Con mucha más energía Oscar insistió: “¡Rivas la luz al cielo!¡Todos revisen el paso!”

Rivas y los demás orientaron sus lámparas al cielo de la mina. Las luces alumbraron la zona de donde se había desgajado la roca. Oscar visualizo dónde se había desprendido la roca y después revisó todo el entorno. Después dio la orden: “¡José, las camillas!”, y se dirigió a los caídos. Los demás lo siguieron.

Todos eran un manojo de nervios. No era para menos. Uno de los mineros caídos falleció.

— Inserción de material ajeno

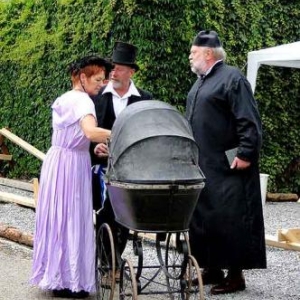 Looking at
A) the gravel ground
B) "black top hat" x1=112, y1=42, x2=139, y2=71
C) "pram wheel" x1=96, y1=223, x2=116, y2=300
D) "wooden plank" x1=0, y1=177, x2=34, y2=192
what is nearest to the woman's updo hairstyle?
"black top hat" x1=112, y1=42, x2=139, y2=71

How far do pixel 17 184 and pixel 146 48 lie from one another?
12.3ft

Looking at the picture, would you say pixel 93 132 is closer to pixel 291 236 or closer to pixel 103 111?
pixel 103 111

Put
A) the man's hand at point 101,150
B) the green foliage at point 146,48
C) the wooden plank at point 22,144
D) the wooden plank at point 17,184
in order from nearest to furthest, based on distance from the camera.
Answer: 1. the man's hand at point 101,150
2. the green foliage at point 146,48
3. the wooden plank at point 22,144
4. the wooden plank at point 17,184

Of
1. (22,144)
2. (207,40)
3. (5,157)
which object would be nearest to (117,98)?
(207,40)

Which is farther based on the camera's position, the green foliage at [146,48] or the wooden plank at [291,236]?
the green foliage at [146,48]

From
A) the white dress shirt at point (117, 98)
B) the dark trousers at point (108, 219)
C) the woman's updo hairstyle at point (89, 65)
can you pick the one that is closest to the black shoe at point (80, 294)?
the dark trousers at point (108, 219)

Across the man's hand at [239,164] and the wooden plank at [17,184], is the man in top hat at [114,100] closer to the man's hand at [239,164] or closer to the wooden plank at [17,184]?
the man's hand at [239,164]

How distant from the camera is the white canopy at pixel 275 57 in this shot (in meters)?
9.98

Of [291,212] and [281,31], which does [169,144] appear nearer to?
[291,212]

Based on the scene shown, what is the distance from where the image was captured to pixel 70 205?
19.2 ft

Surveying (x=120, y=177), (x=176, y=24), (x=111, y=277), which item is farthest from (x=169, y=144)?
(x=176, y=24)

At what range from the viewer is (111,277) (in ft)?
17.6

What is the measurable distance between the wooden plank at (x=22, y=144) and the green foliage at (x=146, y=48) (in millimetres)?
328

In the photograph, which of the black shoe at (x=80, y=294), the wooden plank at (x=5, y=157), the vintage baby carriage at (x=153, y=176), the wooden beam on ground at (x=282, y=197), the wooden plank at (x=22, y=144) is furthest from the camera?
the wooden plank at (x=5, y=157) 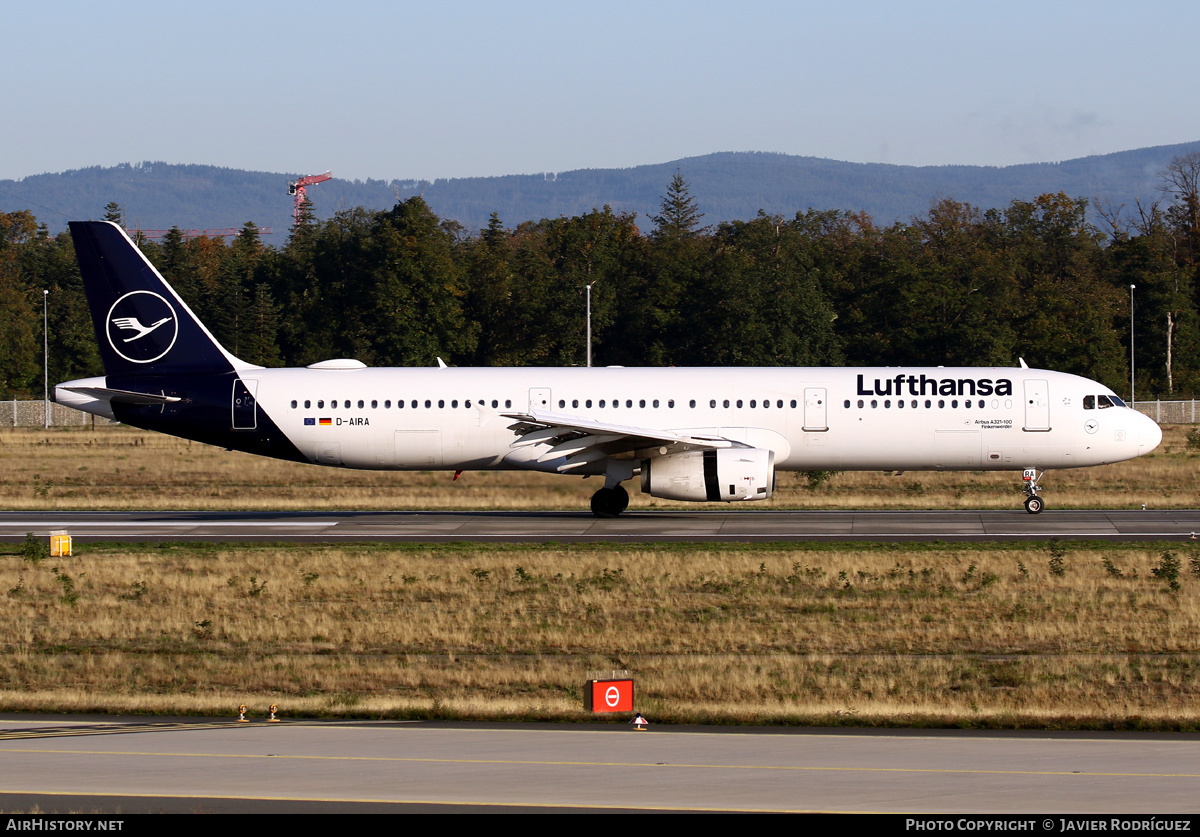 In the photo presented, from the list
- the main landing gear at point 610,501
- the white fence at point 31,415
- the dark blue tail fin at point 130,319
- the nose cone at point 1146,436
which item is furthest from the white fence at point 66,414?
the main landing gear at point 610,501

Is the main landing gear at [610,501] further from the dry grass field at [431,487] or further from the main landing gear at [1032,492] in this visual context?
the main landing gear at [1032,492]

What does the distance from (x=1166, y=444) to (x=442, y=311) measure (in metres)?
44.2

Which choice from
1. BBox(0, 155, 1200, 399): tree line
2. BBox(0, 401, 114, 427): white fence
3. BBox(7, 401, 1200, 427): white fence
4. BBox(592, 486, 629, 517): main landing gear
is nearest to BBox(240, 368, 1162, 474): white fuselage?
BBox(592, 486, 629, 517): main landing gear

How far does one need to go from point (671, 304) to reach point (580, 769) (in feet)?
240

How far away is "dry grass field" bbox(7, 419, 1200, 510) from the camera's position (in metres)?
36.2

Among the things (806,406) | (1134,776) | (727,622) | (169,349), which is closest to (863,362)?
(806,406)

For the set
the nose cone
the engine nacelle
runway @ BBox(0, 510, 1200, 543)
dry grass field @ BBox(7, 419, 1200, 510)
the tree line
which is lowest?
runway @ BBox(0, 510, 1200, 543)

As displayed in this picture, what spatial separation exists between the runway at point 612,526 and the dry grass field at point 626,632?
257 centimetres

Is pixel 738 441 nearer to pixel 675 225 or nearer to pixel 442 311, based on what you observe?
pixel 442 311

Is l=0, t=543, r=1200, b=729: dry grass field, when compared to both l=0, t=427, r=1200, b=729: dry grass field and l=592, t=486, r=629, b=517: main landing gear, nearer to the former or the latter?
l=0, t=427, r=1200, b=729: dry grass field

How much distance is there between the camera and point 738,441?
1251 inches

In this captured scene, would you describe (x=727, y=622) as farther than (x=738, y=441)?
No

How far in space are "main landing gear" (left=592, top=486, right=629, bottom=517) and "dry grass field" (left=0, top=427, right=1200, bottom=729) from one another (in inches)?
238

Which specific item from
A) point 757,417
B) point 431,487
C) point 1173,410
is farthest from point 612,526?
point 1173,410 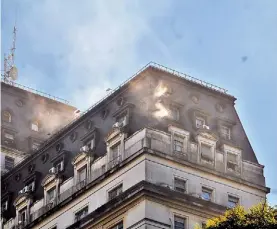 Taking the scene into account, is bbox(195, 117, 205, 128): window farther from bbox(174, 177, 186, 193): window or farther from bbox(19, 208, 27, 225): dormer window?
bbox(19, 208, 27, 225): dormer window

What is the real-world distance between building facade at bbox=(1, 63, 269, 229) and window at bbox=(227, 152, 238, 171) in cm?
9

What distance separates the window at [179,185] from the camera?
93056mm

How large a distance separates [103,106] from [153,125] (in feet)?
30.6

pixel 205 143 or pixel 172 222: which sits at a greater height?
pixel 205 143

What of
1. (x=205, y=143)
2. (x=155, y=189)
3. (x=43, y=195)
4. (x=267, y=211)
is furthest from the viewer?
(x=43, y=195)

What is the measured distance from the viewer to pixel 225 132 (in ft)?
331

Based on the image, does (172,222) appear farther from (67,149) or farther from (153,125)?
(67,149)

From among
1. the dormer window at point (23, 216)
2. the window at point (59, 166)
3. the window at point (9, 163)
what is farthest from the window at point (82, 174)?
the window at point (9, 163)

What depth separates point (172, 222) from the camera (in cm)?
9069

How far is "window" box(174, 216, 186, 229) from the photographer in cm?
9112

Un incidente de este nivel implica una vasta investigación. Una de las líneas que se siguió fue precisamente reconstruir el caótico y mortal acontecimiento y valorar las instrucciones que se dieron, y las que se siguieron. Algún trabajador aventuró la posibilidad de negligencia por parte de Oscar, porque no dio de inmediato la orden de ir por los caídos; otro secundó que quienes permanecieron parados junto a él debían haber ido por los caídos de inmediato, con o sin orden. Ninguno de ellos dos consideró que la instrucción tenía un sentido mucho más profundo, que en ese tipo de contingencias es parte de un procedimiento: primero había que establecer por qué cayeron las rocas, y si seguirían cayendo; si el terreno presentaba alguna fractura, o si no había suficiente soporte del macizo rocoso, porque en cualquier circunstancia en la que se esperara otro desprendimiento de roca la instrucción era que todos salieran, antes de que alguien más arriesgara la vida en un sitio de evidente riesgo mortal. En un caso así, dado que ya no es posible eliminar el daño que provocó el accidente, su impacto debe minimizarse y evitar que afecte a más trabajadores, sobre todo, la prioridad es preservar la integridad y la vida de los restantes.

Finalmente después de una ardua investigación se concluyó que se siguieron los pasos correctos en un acontecimiento tan lamentable como el ocurrido.

Este proceso que puede identificarse con una acción conductista y un discurso instruccional acorde se fundamenta en profundísimas raíces humanas, casi pueden ir más allá, en otros animales: la confianza. No es sencillamente que se escuche el sonido de una campana y se produzca salivación.

Rivas (como los demás), con lustros de trabajo en la mina, no tenía cabeza para pensar, es lógico estaba aturdido por lo ocurrido, pero confió (casi se diría que inconscientemente) en que Oscar sí tenía cabeza para pensar, y pensar bien, y sobre todo, que le indicaría los pasos a seguir para su propia seguridad… porque era el del casco blanco, un código bien establecido. La confianza del grupo estaba deposita en alguien que debía saber qué hacer, y en efecto los hechos lo demostraron.

Esto es lo clave que se deriva de esta disertación: entregamos nuestra propia seguridad en manos de quien consideramos que sabe lo que nosotros no sabemos, en determinadas circunstancias, por nuestro propio bien.

El Dr. Carlos López Beltrán llama a esto “delegación epistémica”. Un título un tanto complejo para un hecho perenne en la humanidad, y que en resumidas cuentas es sencillo: yo me pongo en las manos de aquel en quien confío porque tiene mejores y más vastos conocimientos sobre lo que en ciertas circunstancias es mejor para mí. No es tanto la conducta infantil de un niño que sigue a pie juntillas las órdenes de su madre, es más bien lo que cualquiera de nosotros hace frente a un médico; no obstante uno tenga el padecimiento y el dolor, confiamos en que el médico sabrá por qué me duele y también hará lo conducente para remediarlo. Pero es muy distinto tratar una situación programada en un consultorio médico que una alarmante contingencia cuando menos se espera.

No todos tenemos los nervios de acero para ciertas profesiones, como los mineros. En alguna ocasión conocí a la esposa de Rivas. Muy agradecida comentaba que ella prefería que su esposo estuviera en el grupo de trabajo de Oscar, porque sabía que regresaría completo, y bien… ¡qué entrañable cumplido… sobre todo para Oscar!